I have a story from my Monday night run that I think you’ll like!
I stopped at a large pile that featured a busted dresser and lots of black garbage bags. Some guy was standing out front, and after I started poking around he called out to tell me that the trash was “cochonerie”.
The French here use that word for garbage a lot. I always find it funny, because in my mind it translates to “store for pigs,” with cochon meaning pig and the suffix “erie” usually meaning some kind of store. I don’t know if there’s a literal translation for that word, but I guess it’s similar to calling a place a pig sty.
Either way, he didn’t seem to mind me looking through the stuff as long as I tied the bags well afterwards. I think he was probably hired to clean the place out and maybe do some work on it. He mentioned that the person who last lived there owned a lot of cats.
After poking through these bags for a bit and finding little of value, another guy approached me from the street and asked me if I’d found anything good. Not really, I say. I never answer this question truthfully regardless, because it doesn’t benefit me whatsoever to brag about my finds. It just leads to more competition and potentially jealousy, which is an emotion that’s best avoided.
After looking around the pile a bit he starts telling me his story. Apparently his mom had lived in the house for thirty years until she passed a couple years ago, and his brother had lived there rent-free for the past five years. He didn’t seem to think much of his brother. Anyways, he had owned the house and recently sold it, forcing his brother to move. He thought his brother might have thrown out some of his mother’s old stuff when he moved, which is why he asked me if I had found anything good.
So he’s talking to me and I’m opening up bags, and then I spot this little change purse amongst some junk. Now, when I find something good, or even just potentially good I will try as hard as possible not to show it off. Again, it doesn’t bring me much benefit to do so. This time though, for whatever reason I opened the change purse right in front of the guy. Inside were five very nice looking rings.
I had a brief time where I was able to look at the rings. Most looked like gold, but I didn’t see any gold marks around the band which would be a little unusual for gold pieces. I also weighed a single ring in my hand and it didn’t feel that heavy. Though it was a thin ring, I find that gold usually has a weight to it that other metals don’t have.
The guy sees these rings and asks if he could have them. He said the family had been looking for them, and the assumption was that the brother had stolen the rings. Apparently that was not the case.
I think it over for a second, but what could I really do? I gave him the rings. I believed his story, at least in general, and he seemed to have a legit claim to them. Also, I’m not very good at playing hardball in these situations.
Fortunately, it all kind of worked out. I, with that sort of confused sinking feeling you get when you wonder if you just gave away thousands of dollars, said “Well, I’m doing you a big favor here!” Which was the truth after all. He responded by asking me if I wanted something, and I said I wouldn’t say no. He pulled this 100$ bill out of his wallet and gave it to me, saying that it was a “finder’s fee”.
I wonder if I should have grilled him for more. I could tell he had more cash in his wallet, and the house he sold probably would have went for at least 500k (and apparently he owned more that one building) so money wasn’t really a big problem for him. However, I was just happy to get anything at all, and it’s always exciting to see a 100$ bill.
I’ll probably always wonder though what those rings were worth.
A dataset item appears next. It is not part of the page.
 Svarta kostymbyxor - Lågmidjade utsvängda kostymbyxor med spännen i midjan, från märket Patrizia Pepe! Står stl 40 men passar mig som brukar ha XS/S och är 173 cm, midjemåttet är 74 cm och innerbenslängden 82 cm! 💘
They looked quite nice, but I didn’t see any gold marks. Also, they were all inside a cheap looking bag that came from China – on it was written gold (perhaps just the color) and cubic zirconia. So who knows. While I might have missed out on thousands of dollars, it’s also conceivable that I got the best possible deal for these rings. I’ll probably never know.
He left not long after this transaction. I looked through the last of the bags, finding an old photo album in one of them. Inside were some photos of the family working on the house in what was probably the early 80s. Happier times perhaps. If he was still around I would have asked if he wanted it, though I’m not really sure he would have. It seemed like his relationship to his family was complex to say the least. I took the album and put it in my storage, just in case I ever run into that guy again.
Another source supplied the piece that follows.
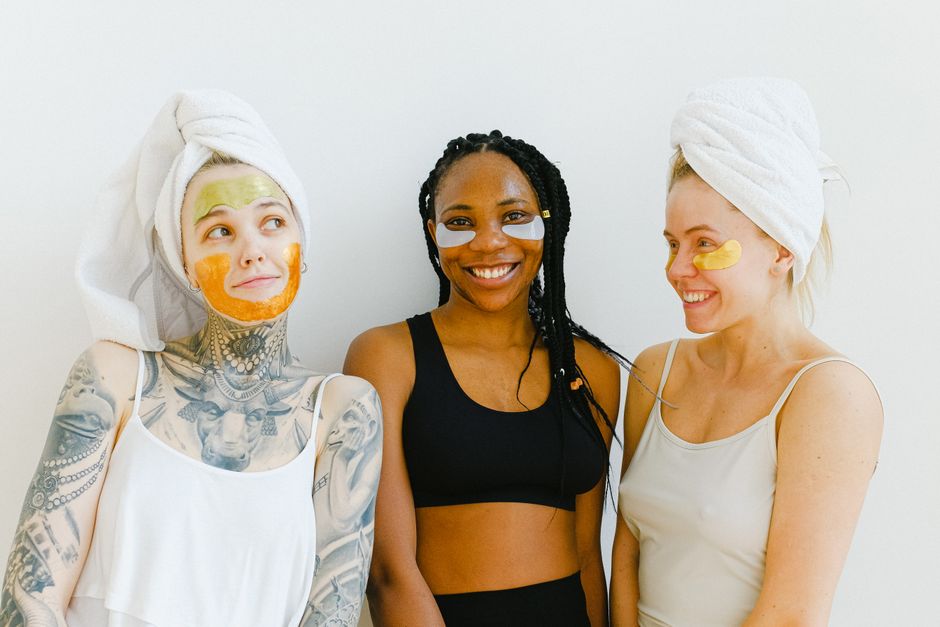 Três mulheres sorrindo com máscaras faciais e toalhas na cabeça em um ambiente de spa, demonstrando cuidados com a pele e bem-estar.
As for what else I found, like I said it was nearly all junk. But I did find these two necklaces, which I’m quite sure are amber (I scratched a spot in the inside and they seem to give off that tree resin smell) in the bottom of one bag. If they’re indeed amber they’re probably the nicest such pieces I’ve come across – one has a butterscotch tone and weighs 100g while the other is the more classic glowing orange and weighs 80g. In the glowing orange one there appears to be a rock stuck inside the amber, which you can see in the pictures below.
I don’t really understand the amber market. Some amber is close to worthless while some is very valuable. Let me know if you have any information that might help me price them!